═══ Supplied data
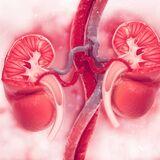 glp 1 agonist renal failure Renoprotective mechanisms of glucagon-like peptide-1 receptor agonists Effects of Glucagon-Like Peptide 1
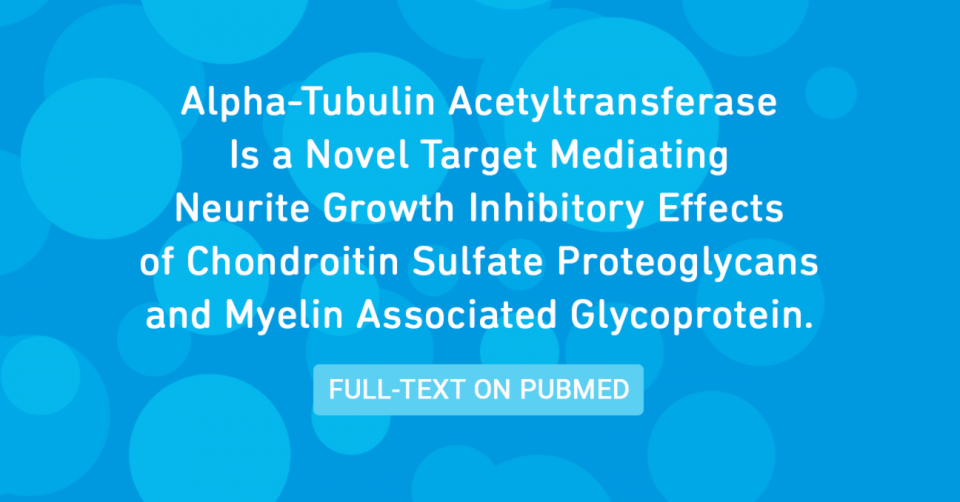Alpha-Tubulin Acetyltransferase Is a Novel Target Mediating Neurite Growth Inhibitory Effects of Chondroitin Sulfate Proteoglycans and Myelin Associated Glycoprotein.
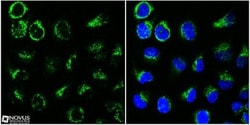 HSP60 Antibody - BSA Free, Novus Biologicals 0.1mL; Unlabeled:Antibodies,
══════
● **Required action**: An exact repetition of the listing is needed, with the pictures dropped.

● **Solution**:
 glp 1 agonist renal failure Renoprotective mechanisms of glucagon-like peptide-1 receptor agonists Effects of Glucagon-Like Peptide 1
Alpha-Tubulin Acetyltransferase Is a Novel Target Mediating Neurite Growth Inhibitory Effects of Chondroitin Sulfate Proteoglycans and Myelin Associated Glycoprotein.
 HSP60 Antibody - BSA Free, Novus Biologicals 0.1mL; Unlabeled:Antibodies,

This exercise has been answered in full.